Os livros que lê fazem parte das suas conversas? Seu grupo de amigos costuma ter discussões em torno dos livros, mesmo em momentos de descontração?

Devo confessar que hoje em dia as conversas com meus amigos giram mais em torno de blogs, Twitter e outras mídias sociais, por conta do círculo de amizades que fiz nestes anos trabalhando com internet e das minhas atividades profissionais. Mas é claro que livros ainda fazem parte das minhas conversas em casas de amigos e mesas de bar, do mesmo modo que falo de filmes, músicas, relacionamentos e outros assuntos cotidianos.
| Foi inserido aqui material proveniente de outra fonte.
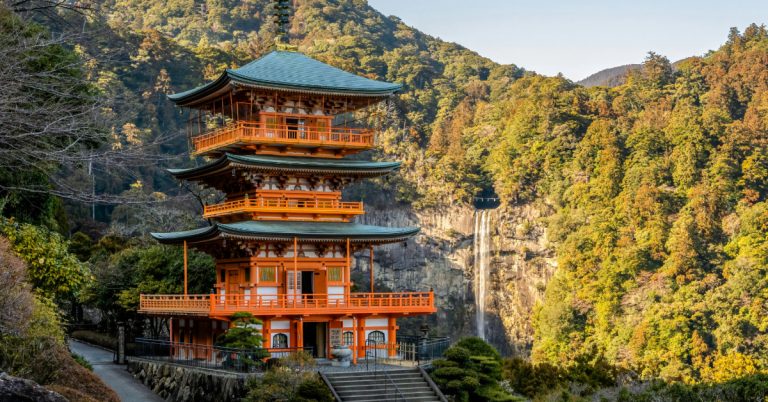 This is the wonderful three-storied pagoda of Seiganto-ji temple with the Nachi Falls in the background.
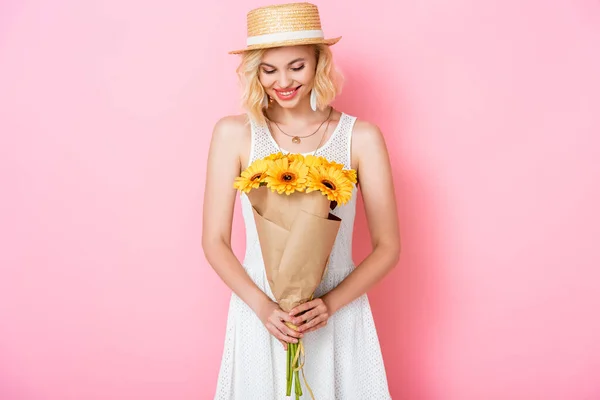Young woman in straw hat looking at flowers on pink — Stock Photo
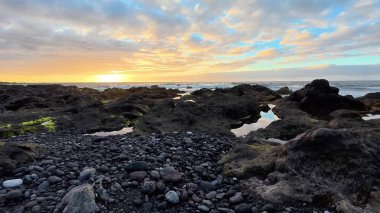 Göz kamaştırıcı bir günbatımı manzarası etraflarındaki kayalık sahili ve sakin suları parlak bir şekilde aydınlatıyor.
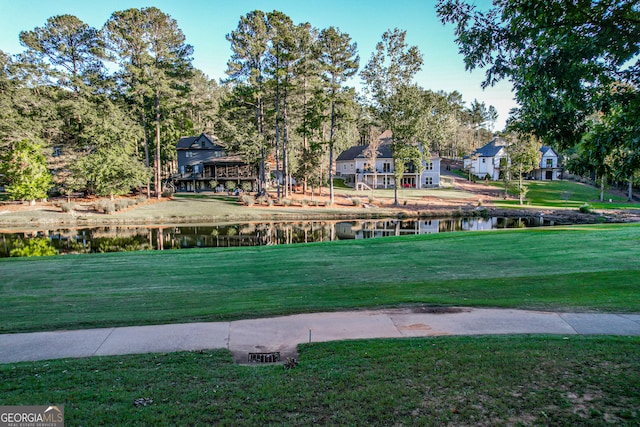 view of community featuring a lawn and a water view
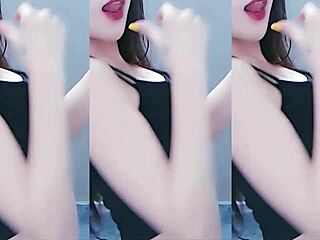 Pretty Chinese girl performs a sexy dance and shows her arousal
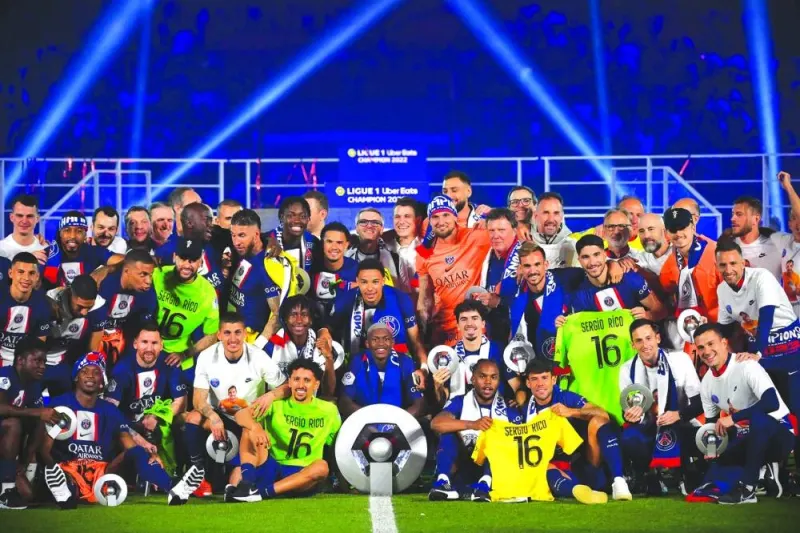 
Paris Saint-Germain players celebrate after wining Ligue 1 trophy at the Parc des Princes Stadium in Paris. (AFP) 
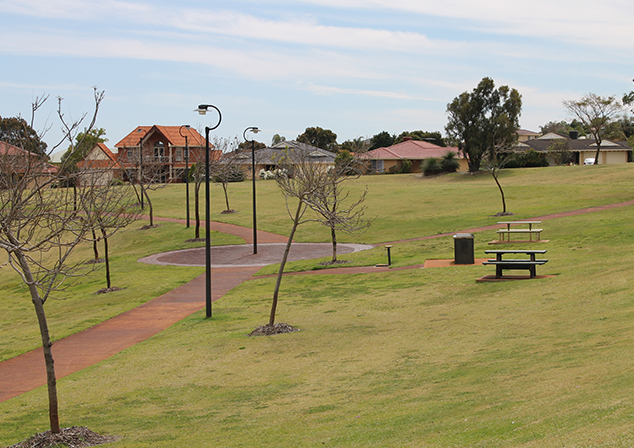 Photo of grass field with a footpath cutting through on left. Skinny, bare trees and tall light posts decorate the sides of the path. To the right are park benches and a bin. Houses in background.
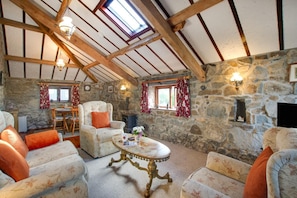 Ein rustikales Interieur mit Steinwänden, Holzbalken, einem Steinofen und einer Essecke mit Tisch und Stühlen.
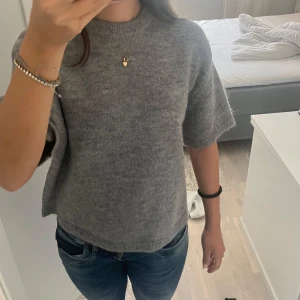 Grå stickad tröja från Gina Tricot - Mysig grå stickad tröja från Gina Tricot i ullblandning. Tröjan har korta ärmar, rund halsringning och en avslappnad passform. Helt ny med prislapp kvar, köpte för 300kr men kommer inte till användning 💞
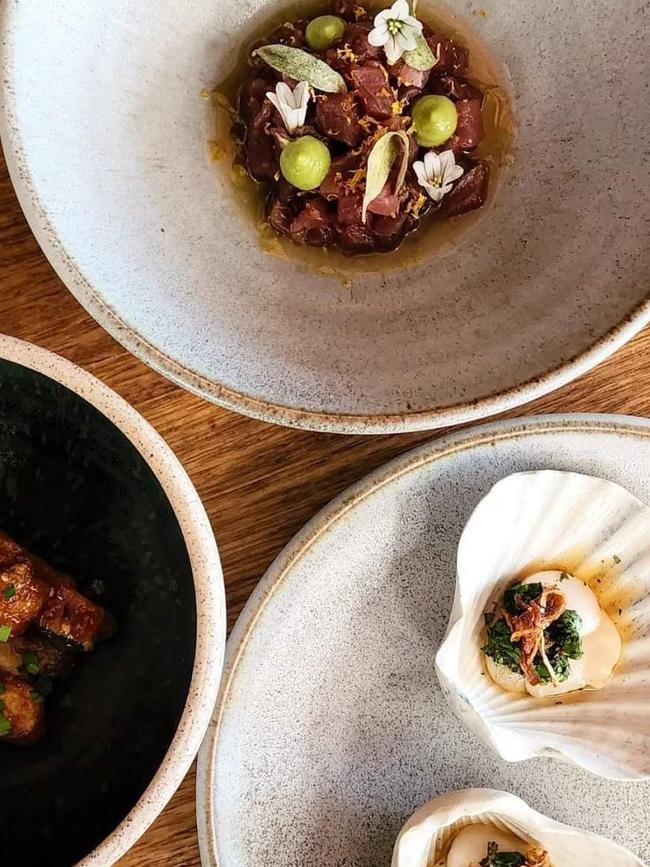 An assortment of Aloft's smaller dishes of first and second courses on the set menu, including tuna, avocado and toasted sesame with white soy and meyer lemon ponzu, scallop sashimi with nasturtium nam Jim jaew, crispy hot and sour eggplant. Picture: Supplied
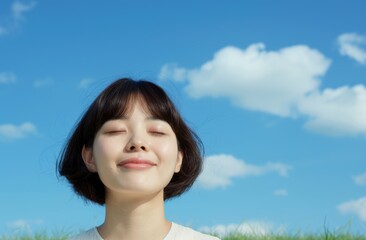 Wall Mural - young woman enjoying nature with eyes closed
Acha que o livro, como objeto, pode ser trocado por um ebook? Se acha que não, isso não seria possível mesmo com o Kindle, que imita uma página de livro, não emite luz e baixa quantos livros quisermos?

As atuais tecnologias ainda não foram capazes de mimetizar o cheiro de um livro, a sensação tátil de folhear uma página, o mesmo prazer de se desfrutar de uma boa leitura à beira de uma praia, na poltrona de um avião, no silêncio de uma madrugada. Mas sei que estão chegando perto disso; ainda não experimentei a nova versão do Kindle, e não posso dizer muito a respeito. Não chegarei ao ponto de afirmar peremptoriamente que nada será capaz de substituir volumes impressos, porque não sou desses saudosistas que dizem que vinis são muito melhores que quaisquer Mp3 players. Sei que meus discos (e CDs) hoje jazem em estantes empoeiradas, e só não me desfaço deles por questões sentimentais. Do mesmo modo, há livros que ficarão comigo até que eu já não esteja mais neste mundo.
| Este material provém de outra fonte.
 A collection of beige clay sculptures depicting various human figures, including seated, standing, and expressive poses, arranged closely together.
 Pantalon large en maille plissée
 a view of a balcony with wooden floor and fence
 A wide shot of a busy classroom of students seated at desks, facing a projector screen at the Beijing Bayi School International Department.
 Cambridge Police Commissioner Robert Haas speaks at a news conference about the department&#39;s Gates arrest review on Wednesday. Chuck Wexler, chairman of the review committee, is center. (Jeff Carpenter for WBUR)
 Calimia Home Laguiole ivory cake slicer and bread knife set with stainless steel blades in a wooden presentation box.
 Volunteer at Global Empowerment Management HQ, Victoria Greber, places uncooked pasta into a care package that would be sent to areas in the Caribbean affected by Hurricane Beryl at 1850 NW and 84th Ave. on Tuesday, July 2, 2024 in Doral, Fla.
Qual livro que ainda não leu (ou que quer reler) gostaria que fosse seu último?

Pergunta complicada, hein? Mas, enfim, provavelmente optaria por reler uma compilação de versos de algum dos meus poetas prediletos: João Cabral, T.S. Eliot, Baudelaire, Federico García Lorca, Philip Larkin, Fernando Pessoa. Ou Drummond, que cunhou um dos poemas mais belos de toda a literatura universal, cujos versos finais afirmam: as coisas tangíveis/ tornam-se insensíveis/ à palma da mão./ Mas as coisas findas,/ muito mais que lindas,/ essas ficarão.